::: Source material :::

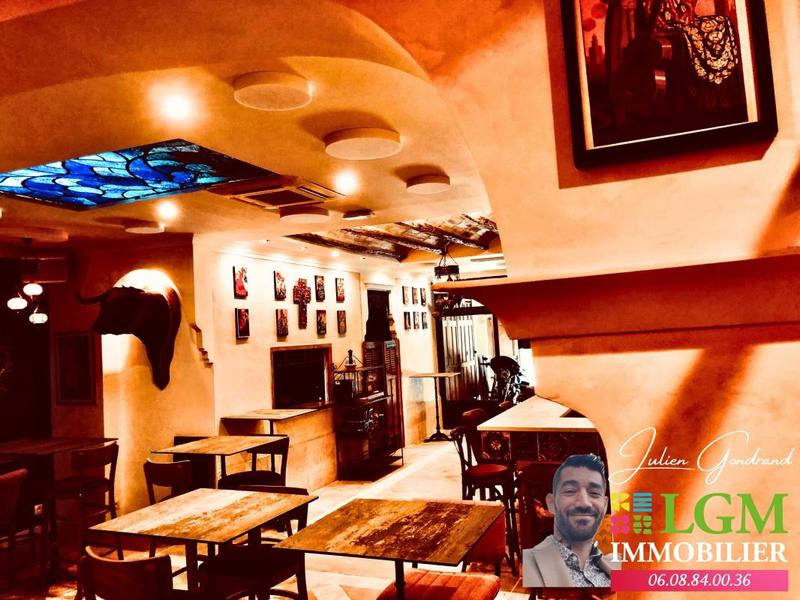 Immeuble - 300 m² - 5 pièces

:::
::: Source material :::

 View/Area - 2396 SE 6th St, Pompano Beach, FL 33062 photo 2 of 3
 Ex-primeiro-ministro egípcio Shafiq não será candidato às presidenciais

:::

All that belongs in your answer is the stretch of entries above from the line with "View/Area - 2396" through the line with "Ex-primeiro-ministro egípcio Shafiq", printed exactly.

◆ **Solution**
 View/Area - 2396 SE 6th St, Pompano Beach, FL 33062 photo 2 of 3
 Ex-primeiro-ministro egípcio Shafiq não será candidato às presidenciais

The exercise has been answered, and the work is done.